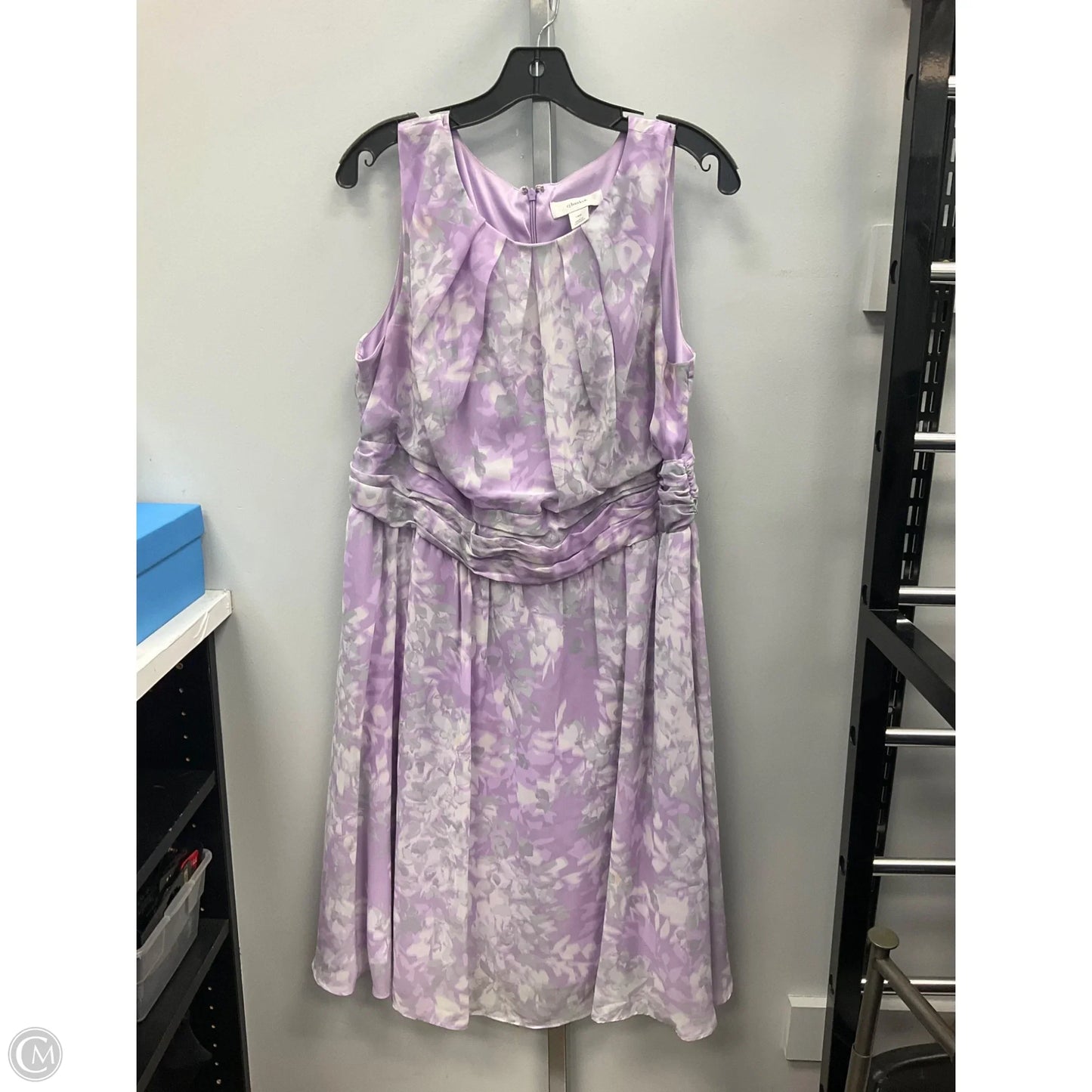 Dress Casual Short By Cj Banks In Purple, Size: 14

==================================================

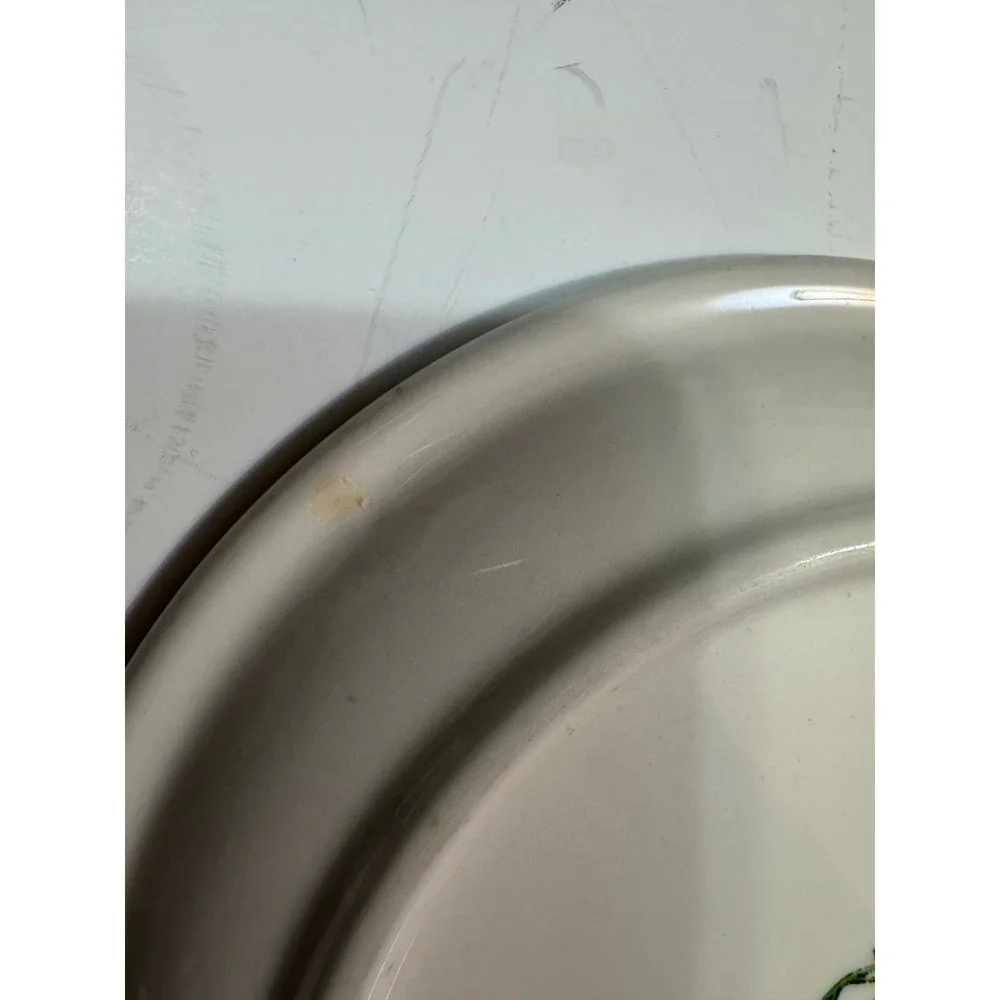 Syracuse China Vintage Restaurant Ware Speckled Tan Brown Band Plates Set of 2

==================================================

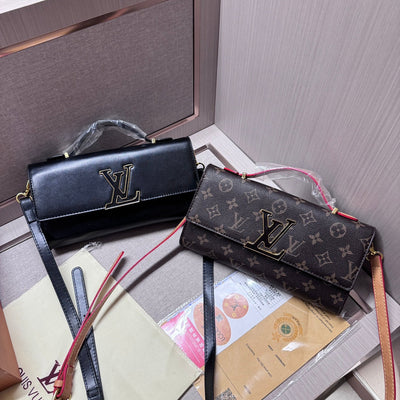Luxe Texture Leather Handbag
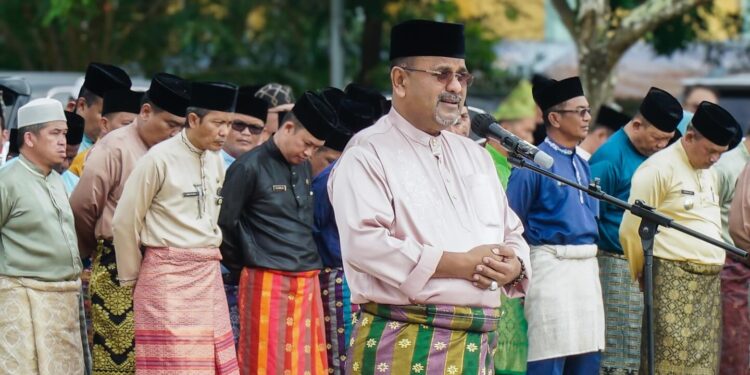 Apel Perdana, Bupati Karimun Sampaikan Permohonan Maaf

==================================================

*ACTIVITY*
In the records above, find the line with "Luxe Texture Leather Handbag" and the line with "Apel Perdana, Bupati". Write out exactly those lines and every one between, with no pictures and no other lines.

*SOLUTION TO THE EXERCISE*
Luxe Texture Leather Handbag
 Apel Perdana, Bupati Karimun Sampaikan Permohonan Maaf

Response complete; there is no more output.